_TASK DESCRIPTION_: Copy all records verbatim, images excluded.

-- PROVIDED MATERIAL follows --

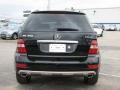 Black - ML 350 4Matic Photo No. 4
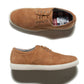 Flags & Anthem - Men's Pembroke Canvas Sneaker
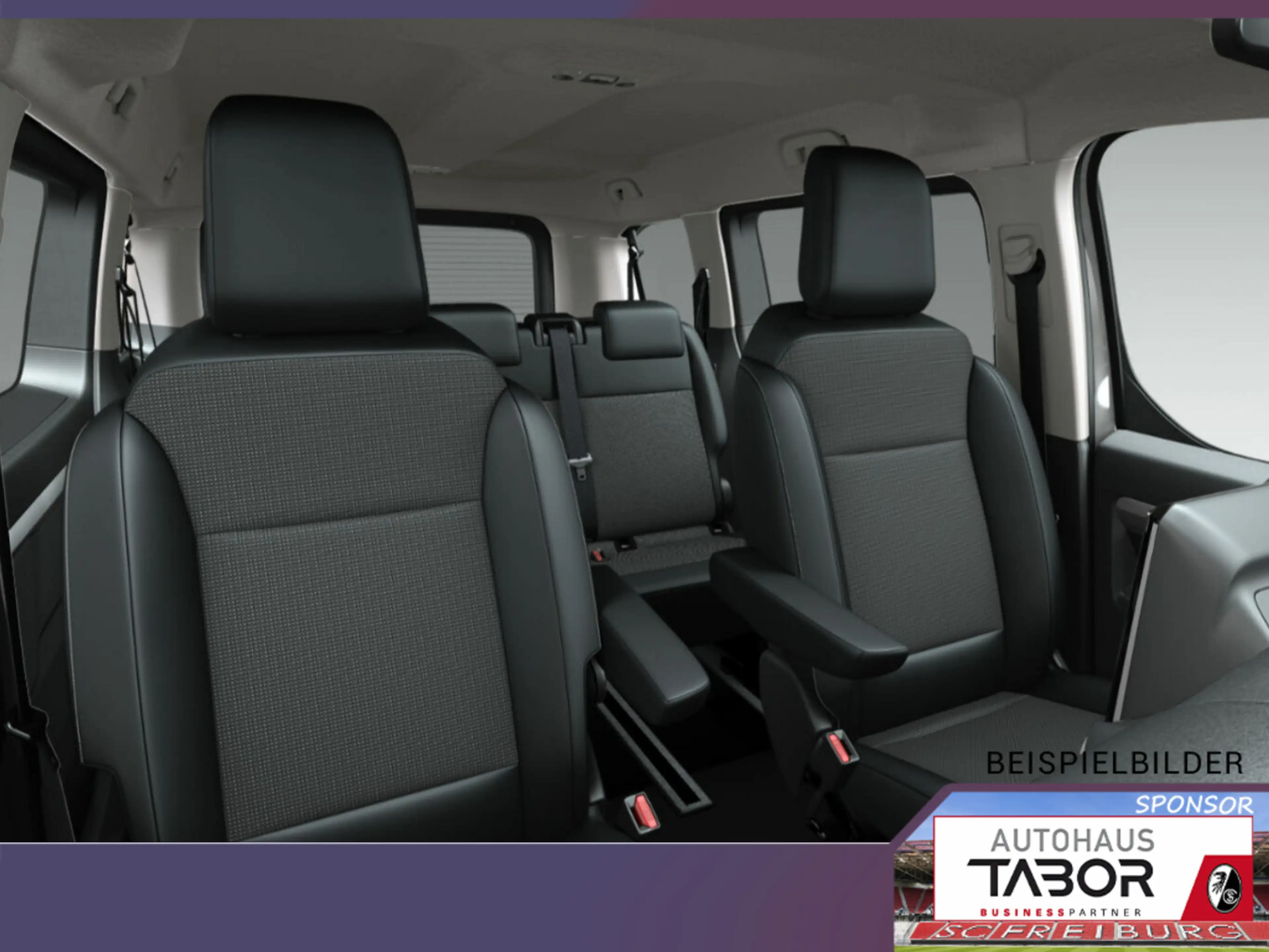 Opel Zafira AT8 L Edition 8-S Nav Kam 2xPDC UVP-25%* — photo 5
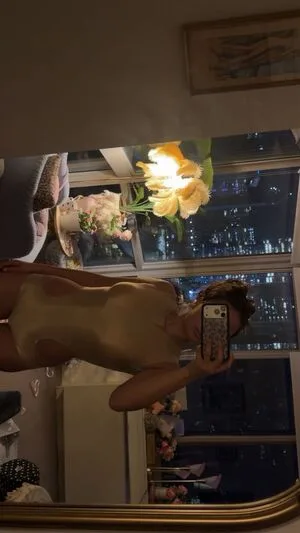 Ester Dobrik OnlyFans Leaked Free Thumbnail Picture - #Yyc8JktfQD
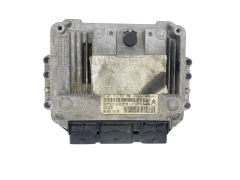 Controller 0281012526 9666579080 9657699480 PSA Bosch 63381
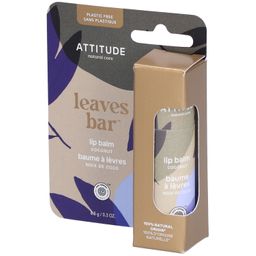 Attitude Lippenbalsem Kokosnoot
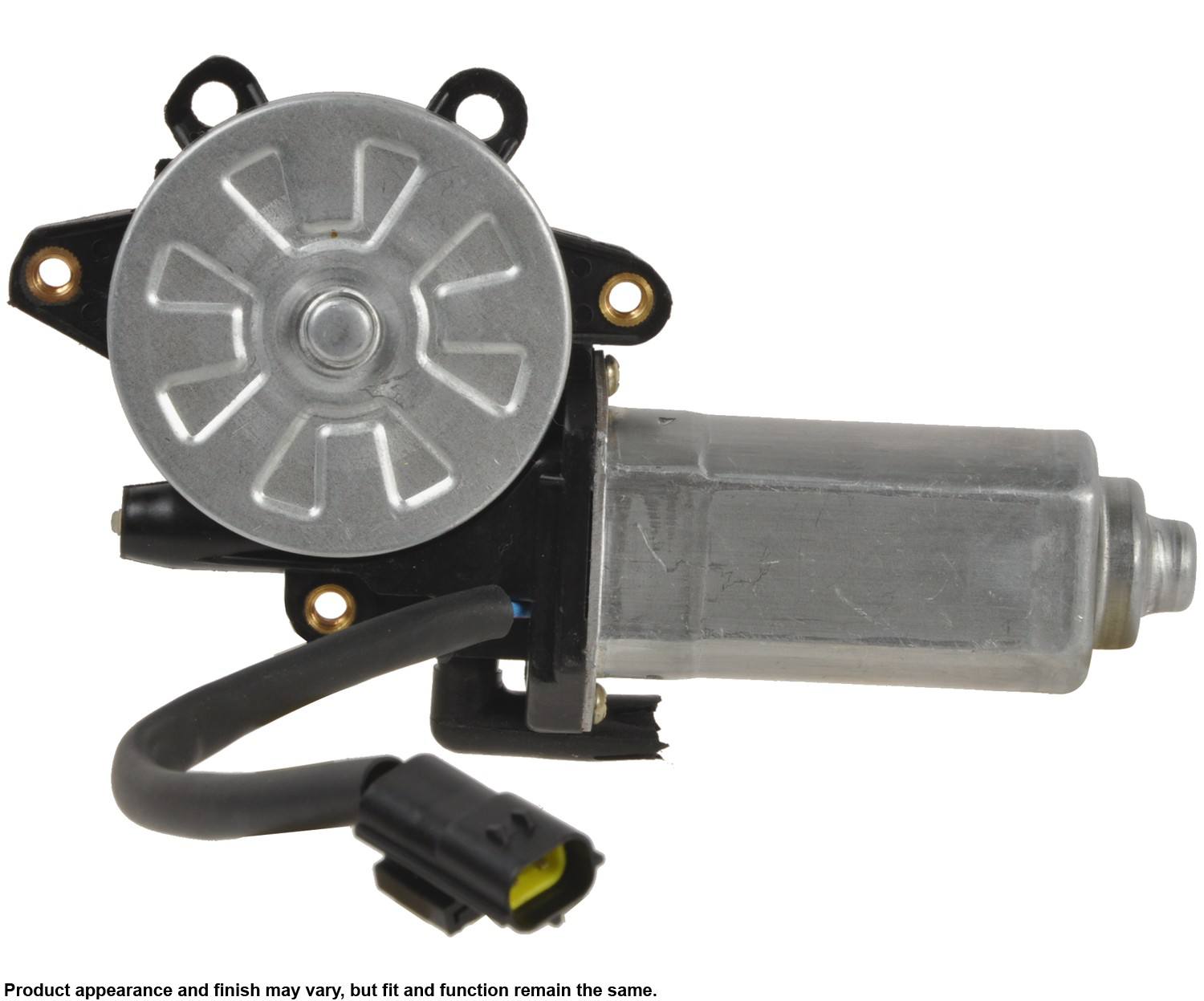 Cardone New Power Window Motor 82-3591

-- PROVIDED MATERIAL concluded --

_ANSWER BOX_:
 Black - ML 350 4Matic Photo No. 4
 Flags & Anthem - Men's Pembroke Canvas Sneaker
 Opel Zafira AT8 L Edition 8-S Nav Kam 2xPDC UVP-25%* — photo 5
 Ester Dobrik OnlyFans Leaked Free Thumbnail Picture - #Yyc8JktfQD
 Controller 0281012526 9666579080 9657699480 PSA Bosch 63381
 Attitude Lippenbalsem Kokosnoot
 Cardone New Power Window Motor 82-3591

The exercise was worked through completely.